▸ Stored data:
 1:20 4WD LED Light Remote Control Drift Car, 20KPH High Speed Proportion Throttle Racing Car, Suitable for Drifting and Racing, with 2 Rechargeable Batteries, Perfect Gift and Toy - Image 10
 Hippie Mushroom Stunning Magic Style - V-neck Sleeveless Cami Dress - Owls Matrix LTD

---

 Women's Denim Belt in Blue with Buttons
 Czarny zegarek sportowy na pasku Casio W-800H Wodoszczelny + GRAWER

--

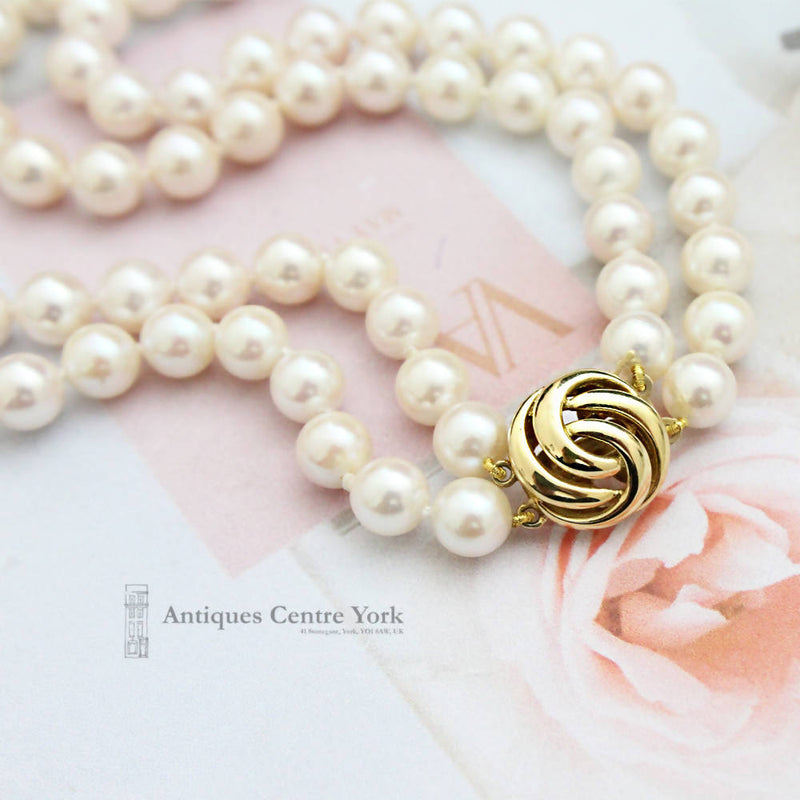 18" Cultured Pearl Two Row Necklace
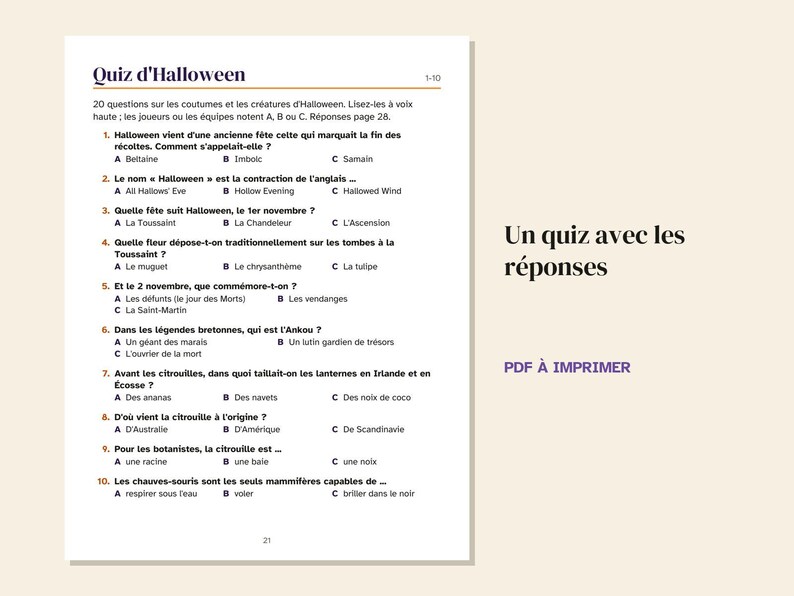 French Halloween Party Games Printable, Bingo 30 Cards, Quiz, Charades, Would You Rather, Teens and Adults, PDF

▸ Task:
What lines in the material above contain the word "with"? Copy them out.

▸ Written answer:
 1:20 4WD LED Light Remote Control Drift Car, 20KPH High Speed Proportion Throttle Racing Car, Suitable for Drifting and Racing, with 2 Rechargeable Batteries, Perfect Gift and Toy - Image 10
 Women's Denim Belt in Blue with Buttons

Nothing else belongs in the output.